RLVR-World: Training World Models with Reinforcement Learning¶

Conference: NeurIPS 2025 arXiv: 2505.13934 Code: GitHub Area: World Models / RL Post-Training Keywords: World Models, RLVR, GRPO, Video Prediction, Autoregressive Generation

TL;DR¶

This paper proposes the RLVR-World framework, extending the Reinforcement Learning with Verifiable Rewards (RLVR) paradigm to world model training. By directly optimizing target metrics (e.g., prediction accuracy, perceptual quality) as verifiable rewards, the framework achieves significant improvements on both language and video world models.

Background & Motivation¶

World models aim to predict environment state transitions under action interventions, serving as a core component in model-based planning and reinforcement learning. Existing world models predominantly adopt maximum likelihood estimation (MLE) as their training objective (e.g., next-token prediction for language models, variational lower-bound optimization for diffusion models). However, such surrogate objectives are fundamentally misaligned with the true purpose of world models — accurate state transition prediction and perceptual quality.

Specifically, the limitations of MLE manifest at three levels:

Objective Misalignment: Likelihood objectives are not directly aligned with downstream evaluation metrics (e.g., accuracy, LPIPS), leading to degenerate behaviors such as repetitive generation and hallucination.

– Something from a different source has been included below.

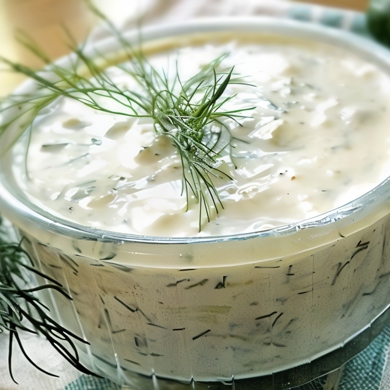 Соус дзадзики – простой и вкусный рецепт, как приготовить пошагово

Non-End-to-End Optimization: Autoregressive architectures built on discrete tokenizers cannot directly optimize pixel-level metrics.

Multi-Step Error Accumulation: Teacher-forcing training ignores error propagation in multi-step prediction.

Inspired by the success of RLVR in enhancing mathematical and coding capabilities in reasoning models such as DeepSeek-R1, the authors propose extending the RLVR paradigm to world models: replacing learned reward models with rule-based verifiable rewards to directly optimize prediction metrics.

Method¶

Overall Architecture¶

RLVR-World unifies world models across different modalities under an autoregressive sequence modeling framework. The core mechanism consists of three steps: 1. Encode the current state and action into a "question" token sequence $q(s,a)$, and encode the next state into an "answer" token sequence $o(s')$. 2. Pretrain the world model with MLE. 3. Apply RLVR post-training, using prediction metrics as verifiable rewards for fine-tuning.

Key Designs¶

Unified Sequence Modeling: Regardless of modality — text, video, or sensor data — inputs are converted into token sequences via modality-specific tokenization. Language uses BPE; images/videos use a discrete visual tokenizer (iVideoGPT's compressed tokenizer); low-dimensional continuous values use uniform binning. This unification enables RLVR to generalize across modalities.
Prediction Metrics as Verifiable Rewards: Given input $q(s,a)$, the model generates a set of samples $\{o_i\}_{i=1}^G$, decodes predicted states $\hat{s}_i'$, and computes rewards by comparing against ground truth $s'$: $$R_i = \text{sign}(D) \cdot D(\hat{s}_i', s')$$ where $\text{sign}(D) = -1$ for lower-is-better metrics (e.g., MSE, LPIPS) and $\text{sign}(D) = 1$ otherwise. The key advantage of this design is that rewards are fully verifiable and require no human annotation.
GRPO Optimization: Group Relative Policy Optimization (GRPO) is adopted, eliminating the need for a separate value function. Given question $q$, a group of responses $\{o_i\}_{i=1}^G$ is sampled, and within-group normalized advantages are computed: $$\hat{A}_{i,t} = \frac{R_i - \text{mean}(\{R_i\}_{i=1}^G)}{\text{std}(\{R_i\}_{i=1}^G)}$$ Policy updates are performed with a clipped objective and KL divergence penalty.

Loss & Training¶

Pretraining: Standard MLE objective $\mathcal{J}_{\text{MLE}}(\theta) = \sum_{t} \log p_\theta(o_t(s') | q(s,a), o_{<t}(s'))$
RLVR Post-Training: GRPO objective incorporating a clipped ratio term and KL regularization.
Language World Models: SFT followed by RLVR, using binary accuracy rewards or task-specific rewards.
Video World Models: Reward defined as the negative sum of L1 loss and LPIPS: $R = -\sum_\tau [L_1(\hat{s}_\tau, s_\tau) + \text{LPIPS}(\hat{s}_\tau, s_\tau)]$

Key Experimental Results¶

Main Results¶

Text-Based Game State Prediction (ByteSized32)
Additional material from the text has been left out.